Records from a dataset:
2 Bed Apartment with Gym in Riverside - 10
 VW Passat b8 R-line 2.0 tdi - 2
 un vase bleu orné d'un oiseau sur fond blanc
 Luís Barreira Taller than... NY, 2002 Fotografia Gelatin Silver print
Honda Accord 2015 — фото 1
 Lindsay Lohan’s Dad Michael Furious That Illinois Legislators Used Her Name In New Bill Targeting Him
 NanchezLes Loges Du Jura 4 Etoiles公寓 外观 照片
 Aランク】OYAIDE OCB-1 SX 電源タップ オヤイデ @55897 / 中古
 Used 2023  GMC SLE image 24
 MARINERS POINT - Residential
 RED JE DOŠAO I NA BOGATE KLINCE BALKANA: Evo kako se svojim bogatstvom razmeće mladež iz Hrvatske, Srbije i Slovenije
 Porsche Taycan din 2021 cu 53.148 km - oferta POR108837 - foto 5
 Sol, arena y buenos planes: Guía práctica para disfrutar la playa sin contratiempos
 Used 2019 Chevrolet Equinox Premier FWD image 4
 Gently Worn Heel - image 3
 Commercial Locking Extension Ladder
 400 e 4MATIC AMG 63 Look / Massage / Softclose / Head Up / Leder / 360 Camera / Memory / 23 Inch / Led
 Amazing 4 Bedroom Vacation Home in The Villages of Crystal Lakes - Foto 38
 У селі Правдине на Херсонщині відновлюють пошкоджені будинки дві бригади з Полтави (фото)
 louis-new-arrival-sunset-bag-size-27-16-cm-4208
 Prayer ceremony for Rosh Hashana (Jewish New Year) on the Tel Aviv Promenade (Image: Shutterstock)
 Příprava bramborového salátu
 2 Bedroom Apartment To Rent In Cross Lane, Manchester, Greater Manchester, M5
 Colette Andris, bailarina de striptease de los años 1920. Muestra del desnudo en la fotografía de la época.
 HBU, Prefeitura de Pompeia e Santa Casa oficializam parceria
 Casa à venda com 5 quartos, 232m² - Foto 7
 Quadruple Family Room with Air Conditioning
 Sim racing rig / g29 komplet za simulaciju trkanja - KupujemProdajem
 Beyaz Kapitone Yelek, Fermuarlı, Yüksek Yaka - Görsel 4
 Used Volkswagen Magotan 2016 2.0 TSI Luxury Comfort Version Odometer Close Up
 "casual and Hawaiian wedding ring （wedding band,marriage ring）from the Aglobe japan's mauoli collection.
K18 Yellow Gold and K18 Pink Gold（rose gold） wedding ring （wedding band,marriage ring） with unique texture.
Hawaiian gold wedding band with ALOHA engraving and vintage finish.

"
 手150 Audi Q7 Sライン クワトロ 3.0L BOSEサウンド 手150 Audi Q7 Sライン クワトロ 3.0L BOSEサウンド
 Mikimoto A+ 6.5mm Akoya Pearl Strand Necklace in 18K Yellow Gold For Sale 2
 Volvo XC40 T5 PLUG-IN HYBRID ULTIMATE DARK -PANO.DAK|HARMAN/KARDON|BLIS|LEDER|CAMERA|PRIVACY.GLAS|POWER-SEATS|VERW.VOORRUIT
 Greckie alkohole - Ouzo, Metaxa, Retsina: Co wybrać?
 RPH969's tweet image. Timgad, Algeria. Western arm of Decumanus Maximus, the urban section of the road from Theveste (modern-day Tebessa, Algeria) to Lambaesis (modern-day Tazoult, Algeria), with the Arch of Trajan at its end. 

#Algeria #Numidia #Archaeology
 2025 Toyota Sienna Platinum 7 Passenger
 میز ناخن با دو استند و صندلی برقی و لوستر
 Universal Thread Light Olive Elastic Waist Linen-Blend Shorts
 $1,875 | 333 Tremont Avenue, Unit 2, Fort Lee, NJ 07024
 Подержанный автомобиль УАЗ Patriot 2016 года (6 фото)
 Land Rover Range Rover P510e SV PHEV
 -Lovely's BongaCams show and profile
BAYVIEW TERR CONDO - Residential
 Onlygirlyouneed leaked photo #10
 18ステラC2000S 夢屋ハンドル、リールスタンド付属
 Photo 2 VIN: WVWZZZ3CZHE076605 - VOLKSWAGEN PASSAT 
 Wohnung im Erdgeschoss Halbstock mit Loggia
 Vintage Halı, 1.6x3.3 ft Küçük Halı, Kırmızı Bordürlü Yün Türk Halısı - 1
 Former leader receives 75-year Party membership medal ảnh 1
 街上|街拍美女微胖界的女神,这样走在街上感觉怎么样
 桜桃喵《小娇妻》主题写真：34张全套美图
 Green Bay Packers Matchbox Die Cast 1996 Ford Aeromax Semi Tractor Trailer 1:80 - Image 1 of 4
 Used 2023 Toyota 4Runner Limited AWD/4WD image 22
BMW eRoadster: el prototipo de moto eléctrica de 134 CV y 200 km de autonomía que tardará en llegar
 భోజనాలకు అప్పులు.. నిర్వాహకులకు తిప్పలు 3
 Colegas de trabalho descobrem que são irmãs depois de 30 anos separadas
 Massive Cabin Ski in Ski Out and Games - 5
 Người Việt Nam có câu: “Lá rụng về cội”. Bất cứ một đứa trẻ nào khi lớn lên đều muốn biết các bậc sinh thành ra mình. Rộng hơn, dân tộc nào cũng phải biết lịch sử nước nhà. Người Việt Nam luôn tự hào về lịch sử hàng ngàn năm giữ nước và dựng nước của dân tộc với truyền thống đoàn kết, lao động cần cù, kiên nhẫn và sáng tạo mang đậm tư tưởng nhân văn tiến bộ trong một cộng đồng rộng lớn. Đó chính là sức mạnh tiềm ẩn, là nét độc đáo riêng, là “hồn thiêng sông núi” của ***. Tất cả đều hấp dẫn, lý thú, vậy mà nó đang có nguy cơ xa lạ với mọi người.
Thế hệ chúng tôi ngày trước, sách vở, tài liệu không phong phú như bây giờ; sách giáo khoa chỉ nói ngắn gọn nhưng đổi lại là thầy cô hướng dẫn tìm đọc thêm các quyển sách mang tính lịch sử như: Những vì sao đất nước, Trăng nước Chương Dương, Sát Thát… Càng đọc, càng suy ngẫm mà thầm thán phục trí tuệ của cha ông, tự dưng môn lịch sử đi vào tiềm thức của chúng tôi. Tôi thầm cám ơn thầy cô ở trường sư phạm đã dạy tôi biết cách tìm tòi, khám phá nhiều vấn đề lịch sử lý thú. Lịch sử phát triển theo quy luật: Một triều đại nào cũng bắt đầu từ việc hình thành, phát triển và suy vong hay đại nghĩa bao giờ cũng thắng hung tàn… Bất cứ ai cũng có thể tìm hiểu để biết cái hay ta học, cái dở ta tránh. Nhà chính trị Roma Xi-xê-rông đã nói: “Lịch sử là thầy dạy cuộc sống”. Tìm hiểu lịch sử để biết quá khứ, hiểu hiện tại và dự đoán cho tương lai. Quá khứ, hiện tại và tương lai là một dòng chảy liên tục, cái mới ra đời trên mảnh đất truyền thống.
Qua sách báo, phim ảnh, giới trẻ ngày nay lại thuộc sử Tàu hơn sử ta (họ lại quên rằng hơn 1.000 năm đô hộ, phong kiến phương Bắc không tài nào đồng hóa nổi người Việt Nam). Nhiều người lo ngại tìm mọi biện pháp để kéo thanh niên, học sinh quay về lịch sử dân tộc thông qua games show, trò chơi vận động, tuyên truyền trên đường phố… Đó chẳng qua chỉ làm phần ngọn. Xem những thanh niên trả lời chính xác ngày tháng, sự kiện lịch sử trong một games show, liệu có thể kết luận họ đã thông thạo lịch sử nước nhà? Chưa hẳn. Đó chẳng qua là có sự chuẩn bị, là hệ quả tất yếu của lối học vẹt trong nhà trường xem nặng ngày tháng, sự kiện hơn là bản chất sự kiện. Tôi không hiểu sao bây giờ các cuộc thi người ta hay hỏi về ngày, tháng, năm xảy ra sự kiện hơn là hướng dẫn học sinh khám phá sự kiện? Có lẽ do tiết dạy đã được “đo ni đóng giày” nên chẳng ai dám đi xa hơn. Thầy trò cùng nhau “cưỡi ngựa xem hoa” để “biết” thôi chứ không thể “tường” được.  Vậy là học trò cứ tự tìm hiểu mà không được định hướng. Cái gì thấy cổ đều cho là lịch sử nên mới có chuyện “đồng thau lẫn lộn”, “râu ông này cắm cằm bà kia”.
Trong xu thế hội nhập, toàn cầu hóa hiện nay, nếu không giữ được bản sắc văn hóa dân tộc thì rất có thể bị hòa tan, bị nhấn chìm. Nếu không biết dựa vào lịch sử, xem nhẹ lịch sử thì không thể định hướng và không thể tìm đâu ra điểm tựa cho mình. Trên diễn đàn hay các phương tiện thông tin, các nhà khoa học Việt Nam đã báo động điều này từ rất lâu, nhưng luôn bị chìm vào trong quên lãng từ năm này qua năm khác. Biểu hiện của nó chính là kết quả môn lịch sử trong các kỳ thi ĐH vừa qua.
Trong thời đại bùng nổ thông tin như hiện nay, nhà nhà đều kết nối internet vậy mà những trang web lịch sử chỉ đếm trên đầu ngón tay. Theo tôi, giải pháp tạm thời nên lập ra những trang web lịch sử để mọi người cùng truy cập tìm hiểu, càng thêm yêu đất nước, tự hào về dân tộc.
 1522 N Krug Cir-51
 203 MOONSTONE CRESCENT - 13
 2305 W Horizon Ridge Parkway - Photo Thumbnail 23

**Work to be completed**
From the first line above through the line that contains "Prayer ceremony for", quote each line exactly. Output nothing more.

**The answer**
2 Bed Apartment with Gym in Riverside - 10
 VW Passat b8 R-line 2.0 tdi - 2
 un vase bleu orné d'un oiseau sur fond blanc
 Luís Barreira Taller than... NY, 2002 Fotografia Gelatin Silver print
Honda Accord 2015 — фото 1
 Lindsay Lohan’s Dad Michael Furious That Illinois Legislators Used Her Name In New Bill Targeting Him
 NanchezLes Loges Du Jura 4 Etoiles公寓 外观 照片
 Aランク】OYAIDE OCB-1 SX 電源タップ オヤイデ @55897 / 中古
 Used 2023  GMC SLE image 24
 MARINERS POINT - Residential
 RED JE DOŠAO I NA BOGATE KLINCE BALKANA: Evo kako se svojim bogatstvom razmeće mladež iz Hrvatske, Srbije i Slovenije
 Porsche Taycan din 2021 cu 53.148 km - oferta POR108837 - foto 5
 Sol, arena y buenos planes: Guía práctica para disfrutar la playa sin contratiempos
 Used 2019 Chevrolet Equinox Premier FWD image 4
 Gently Worn Heel - image 3
 Commercial Locking Extension Ladder
 400 e 4MATIC AMG 63 Look / Massage / Softclose / Head Up / Leder / 360 Camera / Memory / 23 Inch / Led
 Amazing 4 Bedroom Vacation Home in The Villages of Crystal Lakes - Foto 38
 У селі Правдине на Херсонщині відновлюють пошкоджені будинки дві бригади з Полтави (фото)
 louis-new-arrival-sunset-bag-size-27-16-cm-4208
 Prayer ceremony for Rosh Hashana (Jewish New Year) on the Tel Aviv Promenade (Image: Shutterstock)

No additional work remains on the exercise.